* [YOUR ASSIGNMENT] Begin at the top of the following data. Copy each line exactly until you have copied the line containing "Petits iris jaunes de la garrigue.".

(Source records)
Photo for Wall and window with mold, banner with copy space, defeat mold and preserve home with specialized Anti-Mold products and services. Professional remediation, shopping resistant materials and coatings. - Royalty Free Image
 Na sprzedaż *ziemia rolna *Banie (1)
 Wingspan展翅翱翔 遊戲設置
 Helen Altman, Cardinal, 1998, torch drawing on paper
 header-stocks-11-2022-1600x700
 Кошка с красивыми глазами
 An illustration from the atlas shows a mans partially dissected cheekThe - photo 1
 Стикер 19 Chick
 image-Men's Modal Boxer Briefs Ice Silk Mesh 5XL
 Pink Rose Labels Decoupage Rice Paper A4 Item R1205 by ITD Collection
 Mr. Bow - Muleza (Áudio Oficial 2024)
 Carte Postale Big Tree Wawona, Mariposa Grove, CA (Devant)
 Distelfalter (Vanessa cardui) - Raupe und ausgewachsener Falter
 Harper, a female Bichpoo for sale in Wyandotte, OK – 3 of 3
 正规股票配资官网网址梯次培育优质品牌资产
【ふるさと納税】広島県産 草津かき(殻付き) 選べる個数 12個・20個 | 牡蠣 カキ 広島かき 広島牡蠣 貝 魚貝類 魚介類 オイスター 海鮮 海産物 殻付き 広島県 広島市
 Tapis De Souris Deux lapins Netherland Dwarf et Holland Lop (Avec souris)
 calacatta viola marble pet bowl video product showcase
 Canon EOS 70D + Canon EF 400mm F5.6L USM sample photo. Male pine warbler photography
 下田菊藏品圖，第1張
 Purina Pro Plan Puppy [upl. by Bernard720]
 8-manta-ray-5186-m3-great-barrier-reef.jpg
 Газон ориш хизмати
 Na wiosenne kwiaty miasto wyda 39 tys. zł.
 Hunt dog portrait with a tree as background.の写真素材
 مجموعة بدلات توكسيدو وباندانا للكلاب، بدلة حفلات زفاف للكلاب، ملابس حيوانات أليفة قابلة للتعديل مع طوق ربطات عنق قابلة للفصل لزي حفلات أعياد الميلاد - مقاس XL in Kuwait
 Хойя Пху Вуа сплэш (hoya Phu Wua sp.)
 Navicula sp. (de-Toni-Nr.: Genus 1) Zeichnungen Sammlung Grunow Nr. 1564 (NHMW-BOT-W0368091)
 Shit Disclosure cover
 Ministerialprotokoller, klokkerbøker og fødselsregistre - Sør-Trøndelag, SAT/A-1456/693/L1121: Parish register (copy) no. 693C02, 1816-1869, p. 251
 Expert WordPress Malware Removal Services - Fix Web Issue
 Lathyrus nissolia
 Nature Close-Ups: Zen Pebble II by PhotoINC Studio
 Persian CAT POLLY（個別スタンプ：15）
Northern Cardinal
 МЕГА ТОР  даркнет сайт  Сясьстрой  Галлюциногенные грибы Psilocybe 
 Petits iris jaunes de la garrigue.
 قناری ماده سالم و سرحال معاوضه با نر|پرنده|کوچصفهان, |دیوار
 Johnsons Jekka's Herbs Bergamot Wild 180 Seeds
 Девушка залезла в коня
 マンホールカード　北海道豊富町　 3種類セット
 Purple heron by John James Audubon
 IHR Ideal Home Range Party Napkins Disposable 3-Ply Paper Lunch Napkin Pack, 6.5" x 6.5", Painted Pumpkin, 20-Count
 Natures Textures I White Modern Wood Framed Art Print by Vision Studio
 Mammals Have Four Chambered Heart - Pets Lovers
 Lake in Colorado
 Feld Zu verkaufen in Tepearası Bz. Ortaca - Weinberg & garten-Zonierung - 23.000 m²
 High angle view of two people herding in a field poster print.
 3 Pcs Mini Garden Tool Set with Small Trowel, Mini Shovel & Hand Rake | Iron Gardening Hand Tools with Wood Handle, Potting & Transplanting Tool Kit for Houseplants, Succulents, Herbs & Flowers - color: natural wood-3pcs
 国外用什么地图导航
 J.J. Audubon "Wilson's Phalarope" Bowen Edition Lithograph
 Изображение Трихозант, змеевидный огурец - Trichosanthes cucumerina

* [RESULT OF THE EXERCISE]
Photo for Wall and window with mold, banner with copy space, defeat mold and preserve home with specialized Anti-Mold products and services. Professional remediation, shopping resistant materials and coatings. - Royalty Free Image
 Na sprzedaż *ziemia rolna *Banie (1)
 Wingspan展翅翱翔 遊戲設置
 Helen Altman, Cardinal, 1998, torch drawing on paper
 header-stocks-11-2022-1600x700
 Кошка с красивыми глазами
 An illustration from the atlas shows a mans partially dissected cheekThe - photo 1
 Стикер 19 Chick
 image-Men's Modal Boxer Briefs Ice Silk Mesh 5XL
 Pink Rose Labels Decoupage Rice Paper A4 Item R1205 by ITD Collection
 Mr. Bow - Muleza (Áudio Oficial 2024)
 Carte Postale Big Tree Wawona, Mariposa Grove, CA (Devant)
 Distelfalter (Vanessa cardui) - Raupe und ausgewachsener Falter
 Harper, a female Bichpoo for sale in Wyandotte, OK – 3 of 3
 正规股票配资官网网址梯次培育优质品牌资产
【ふるさと納税】広島県産 草津かき(殻付き) 選べる個数 12個・20個 | 牡蠣 カキ 広島かき 広島牡蠣 貝 魚貝類 魚介類 オイスター 海鮮 海産物 殻付き 広島県 広島市
 Tapis De Souris Deux lapins Netherland Dwarf et Holland Lop (Avec souris)
 calacatta viola marble pet bowl video product showcase
 Canon EOS 70D + Canon EF 400mm F5.6L USM sample photo. Male pine warbler photography
 下田菊藏品圖，第1張
 Purina Pro Plan Puppy [upl. by Bernard720]
 8-manta-ray-5186-m3-great-barrier-reef.jpg
 Газон ориш хизмати
 Na wiosenne kwiaty miasto wyda 39 tys. zł.
 Hunt dog portrait with a tree as background.の写真素材
 مجموعة بدلات توكسيدو وباندانا للكلاب، بدلة حفلات زفاف للكلاب، ملابس حيوانات أليفة قابلة للتعديل مع طوق ربطات عنق قابلة للفصل لزي حفلات أعياد الميلاد - مقاس XL in Kuwait
 Хойя Пху Вуа сплэш (hoya Phu Wua sp.)
 Navicula sp. (de-Toni-Nr.: Genus 1) Zeichnungen Sammlung Grunow Nr. 1564 (NHMW-BOT-W0368091)
 Shit Disclosure cover
 Ministerialprotokoller, klokkerbøker og fødselsregistre - Sør-Trøndelag, SAT/A-1456/693/L1121: Parish register (copy) no. 693C02, 1816-1869, p. 251
 Expert WordPress Malware Removal Services - Fix Web Issue
 Lathyrus nissolia
 Nature Close-Ups: Zen Pebble II by PhotoINC Studio
 Persian CAT POLLY（個別スタンプ：15）
Northern Cardinal
 МЕГА ТОР  даркнет сайт  Сясьстрой  Галлюциногенные грибы Psilocybe 
 Petits iris jaunes de la garrigue.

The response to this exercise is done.